Similarly to Ethiopia’s current will to show its growing power to the world, 1971’s Egypt - back then ruled by pan-Arabist icon Gamal Abdel Nasser - inaugurated the Aswan High Dam. Whilst generating around half of Egypt’s electricity at the time, this barrage also triggered the gradual decline of the Delta’s ecosystem, located more than 750 km northwards. Dams such as those aforementioned count on huge reservoirs to produce a large amount of electricity. Still, the interruption of the natural cycle of flooding that these huge barrages involve is the single largest cause for alterations in the distribution of silt on riverbanks.
As a matter of fact, Egypt is a gift of the Nile’s silt, whose organic richness has made the land on the river’s flood plain utterly fertile - and thus arable - through the centuries. Moreover, dams prevent the sediment from streaming towards the sea and building up the Delta. The consequence of the disruption of this natural phenomenon is the accelerated erosion of the coastal banks and the subsequent intrusion of Mediterranean water into the Delta, turning once-fertile farmland into plots made unproductive by high salt concentrations. Whilst the construction of the Aswan High Dam started this process, the Gerd could mean irreversible damage to the region.
Because of that the trilateral debate involving Egypt, Ethiopia and Sudan mainly revolves around the timing of the reservoir filling. According to Addis Ababa, the faster the better. Still, the impact on Egypt’s water availability is inversely proportional to the pace of the filling. For instance, a 21-year-long filling of the basin would lead to the loss of about 2,5 percent of Egypt's agricultural area (and that would be - obviously - Cairo’s favourite option). On the other hand, Ethiopia is unsurprisingly pushing for a faster process, which could take three years at the swifter predictable rate. Such a rapid filling, though, would lead to the loss of around 67 percent of Egypt’s arable lands.
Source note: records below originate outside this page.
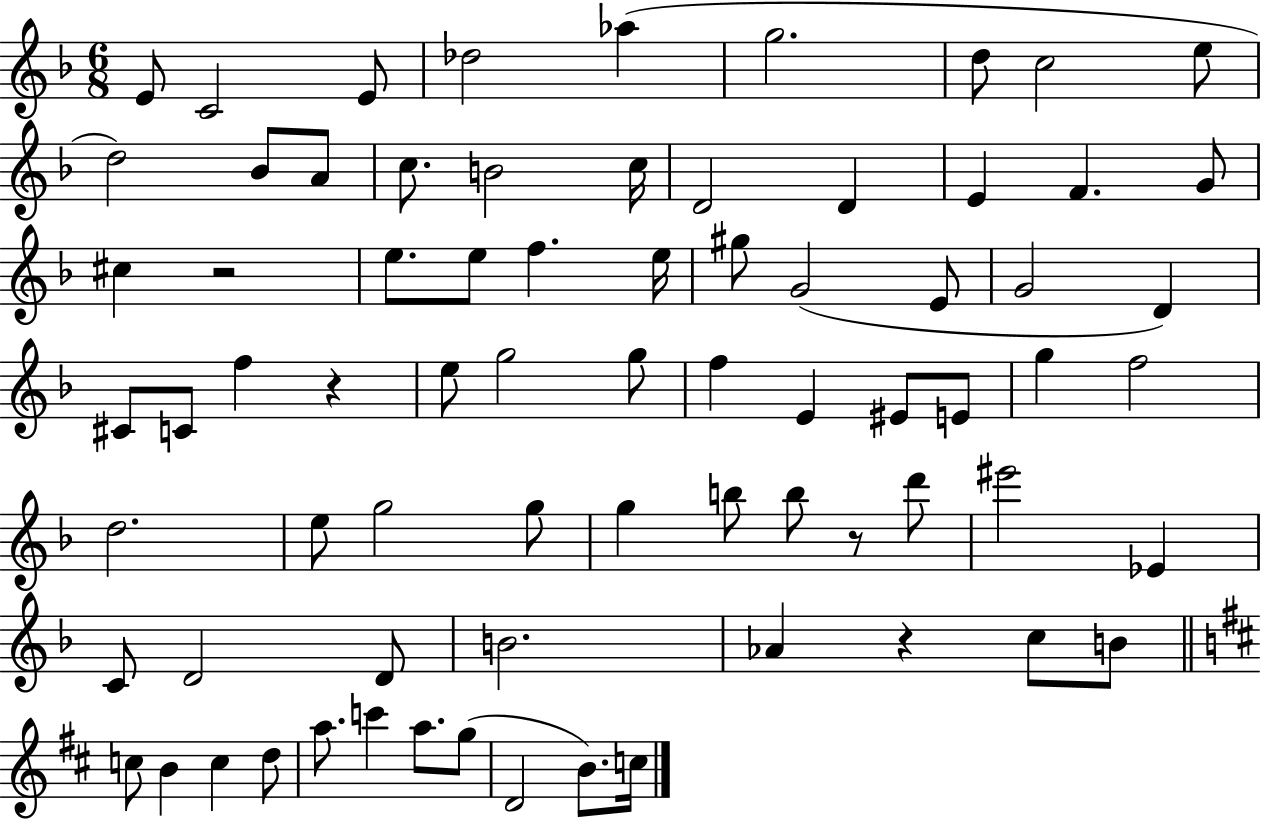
{
  \clef treble
  \numericTimeSignature
  \time 6/8
  \key f \major
  e'8 c'2 e'8 | des''2 aes''4( | g''2. | d''8 c''2 e''8 | \break d''2) bes'8 a'8 | c''8. b'2 c''16 | d'2 d'4 | e'4 f'4. g'8 | \break cis''4 r2 | e''8. e''8 f''4. e''16 | gis''8 g'2( e'8 | g'2 d'4) | \break cis'8 c'8 f''4 r4 | e''8 g''2 g''8 | f''4 e'4 eis'8 e'8 | g''4 f''2 | \break d''2. | e''8 g''2 g''8 | g''4 b''8 b''8 r8 d'''8 | eis'''2 ees'4 | \break c'8 d'2 d'8 | b'2. | aes'4 r4 c''8 b'8 | \bar "||" \break \key d \major c''8 b'4 c''4 d''8 | a''8. c'''4 a''8. g''8( | d'2 b'8.) c''16 | \bar "|."
}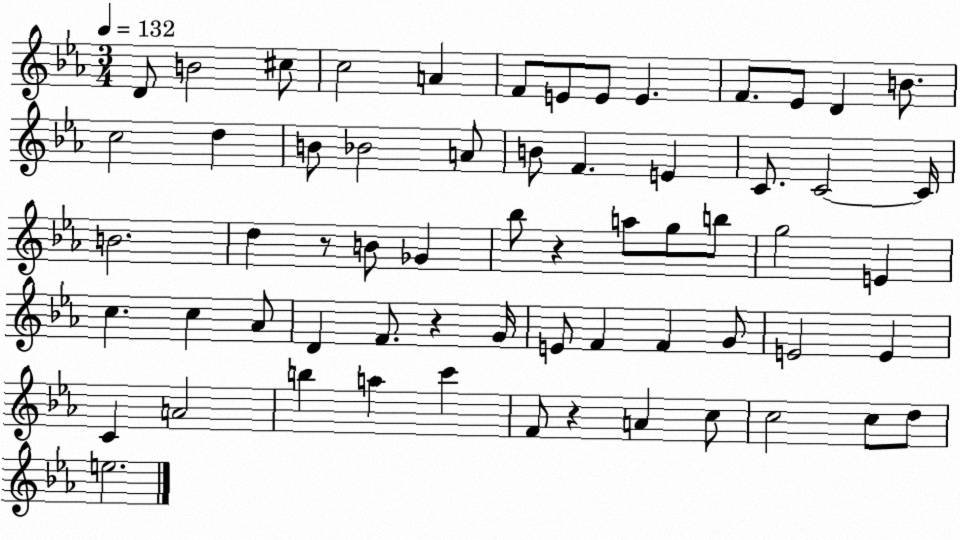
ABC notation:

X:1
T:Untitled
M:3/4
L:1/4
K:Eb
D/2 B2 ^c/2 c2 A F/2 E/2 E/2 E F/2 _E/2 D B/2 c2 d B/2 _B2 A/2 B/2 F E C/2 C2 C/4 B2 d z/2 B/2 _G _b/2 z a/2 g/2 b/2 g2 E c c _A/2 D F/2 z G/4 E/2 F F G/2 E2 E C A2 b a c' F/2 z A c/2 c2 c/2 d/2 e2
The focal point of the dispute is therefore the conciliation of needs which are poles apart. As described above, the Nile’s waters are Egypt’s key to survival. At the other end of the spectrum, they are Ethiopia’s key to its development needs in terms of both electricity production and irrigation. Once wholly functioning, the Great Ethiopian Renaissance Dam will generate around 6,450 megawatt against the Aswan High Dam’s 2,100, ranking as the largest hydroelectric power plant in Africa. This milestone will mean supplying electricity to entire regions in Ethiopia which have been deprived of it and thus boosting foreign investments and local industries.
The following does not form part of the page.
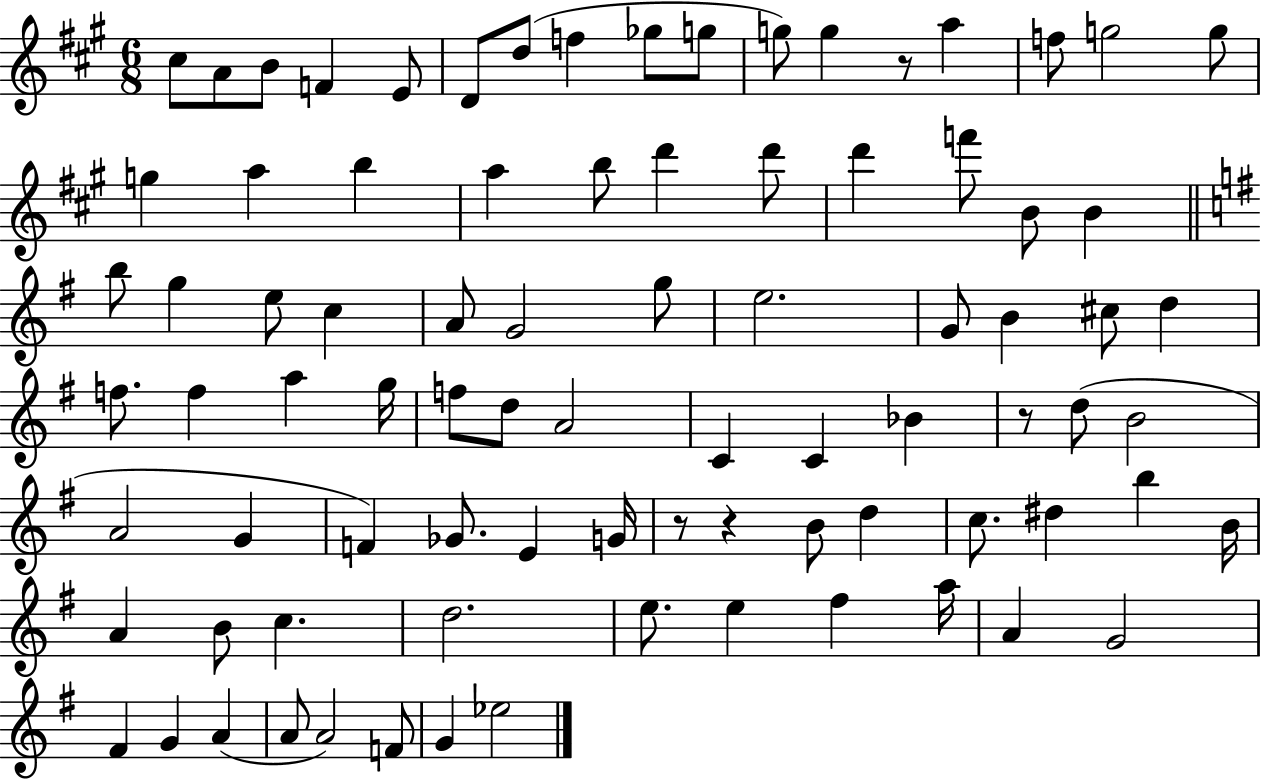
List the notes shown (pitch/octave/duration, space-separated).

In the middle - not only geographically - between Egypt and Ethiopia, Sudan is concerned about the reduction of its share of the Nile’s water and silt and the impoverishment of its fertile land, which would undermine its food security as well. Nevertheless, Khartoum is also considering the benefits of the dam, notably in terms of flow (and flood) regulation and electricity import. Once the dam is complete, Ethiopia is set to become Africa's largest energy exporter, relying upon about 2,000MW of surplus electricity.
The huge dam under construction on the Blue Nile raises several issues, ranging from the right to access water resources to the need to replace outdated treaties dating back to the colonial era, as well as finding the right balance between progress, ecology and waste reduction. For instance, Egypt could meet its agricultural needs by resorting to groundwater, the reduction of water-intensive crops, investments in desalinisation and improved irrigation methods.
Above all there is of course the right to food security for all people, regardless of their nationality. Ethiopian farmers have the right to enjoy modern efficient irrigation methods and electricity to the same extent as Egyptian farmers must be able to keep cultivating their lands without being forced to move to cities on the brink of demographic explosion.